David McLaughlin was chief of staff to former prime minister Brian Mulroney, former finance minister Jim Flaherty, and former New Brunswick premier Bernard Lord.
There is a scene in a West Wing episode where the campaign manager to fictional president Josiah Bartlett refers to gaining political advantage as akin to removing kelp from a racing sloop. Governments, like boats, accumulate kelp on their hull over time that acts as a drag on its fortunes.
Removing one more piece of political kelp to gain a competitive advantage is what's behind the Conservative government's planned amendments to the Copyright Act, which would require news broadcasters to make available video clips of political actors without permission to all political parties for election advertising.
No one should be surprised. This has been a remarkably consistent modus operandi for this government and party from the outset.
From legislation removing public subsidies for political parties after the last election, to the controversial Fair Elections Act governing future elections, the Conservatives have sought political hegemony by amending the electoral rules of the game in ways that particularly advantage them. That these rules apply equally to all parties is correct, but only the Conservatives are best positioned to benefit.
This is not a new story in Canadian politics.
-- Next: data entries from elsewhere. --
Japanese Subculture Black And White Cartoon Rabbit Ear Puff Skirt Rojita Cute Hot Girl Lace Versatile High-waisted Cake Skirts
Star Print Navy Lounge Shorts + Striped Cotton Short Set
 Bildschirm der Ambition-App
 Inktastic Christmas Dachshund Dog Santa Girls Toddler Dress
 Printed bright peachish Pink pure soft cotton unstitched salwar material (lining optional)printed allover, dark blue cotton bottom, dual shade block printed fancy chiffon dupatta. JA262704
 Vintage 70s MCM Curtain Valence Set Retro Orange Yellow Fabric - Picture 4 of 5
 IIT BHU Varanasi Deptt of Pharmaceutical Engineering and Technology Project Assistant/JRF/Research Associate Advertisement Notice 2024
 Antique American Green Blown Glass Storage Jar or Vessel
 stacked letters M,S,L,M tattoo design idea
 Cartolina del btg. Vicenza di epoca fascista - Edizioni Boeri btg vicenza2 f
Past Liberal governments have benefited from extensive corporate donation rules and the NDP always had strong union donation links to keep them in the game.
What is new is the free market ethos behind the Conservative Party's changes.
Election rules have been mostly about fairness and equity for all parties and players. They were designed to set limits and parameters around political behaviour so no one party had a primordial advantage. While federal parties could constitute an oligopoly with a few dominant players, the political marketplace would be regulated to prevent monopolistic behaviour.
Fewer restrictions challenge that convention. Dominant positioning in the political marketplace by one party is not just incentivized but encouraged. While always present, campaign rule changes such as these have a convergence effect. To survive, let alone prosper, every party must increasingly adopt the characteristics of their most successful competitors.
That is why, if you want to understand politics in Canada today, don't turn to a political scientist, ask a business professor. It is the language of business that increasingly defines and explains why our politicians and parties act and speak in a certain way.
Voters are consumers, not citizens. We are 'shopped for votes' by parties as our attachment to the political process waxes and wanes. Market segmentation slices and dices the electorate into micro-chunks of likely and accessible voters resulting in targeted voters being bombarded with direct appeals for support or money. Once captured in a party's database, the virtuous cycle is repeated as retaining a committed supporter is 'job one' of any party.
The Conservative Party's goal to get their hands on news video clips of their opponents for political advertising through new copyright rules fits with this dynamic. As the country is splintered into hundreds of mini-campaigns targeting specific voter demographics, using this material to craft electoral and fundraising messaging is simply the new normal.
Prime Minister Stephen Harper has been resolute in using incumbency to advance the political dominance of the party he leads and turn the Conservative Party of Canada into the default governing party. He has double-downed year-after-year on a strategy founded first on a core base vote glued by values and, then second, on a relentless string of election rule changes to give his party advantage over his opponents.
Free market capitalism is sold as beneficial for consumers. Healthy competition leads to more choice, lower prices, better service, and innovation.
But free market democracy is no guarantor of equivalent benefits for voters. After all, the end game of ideas and values in a democracy versus products and services in a marketplace are radically different from each other.
Conservatives instinctively favor free markets. It is striking that for all its populist interventionism and regulation as part of its consumer agenda, the most visible manifestation of free market philosophy in action is taking place in the political marketplace.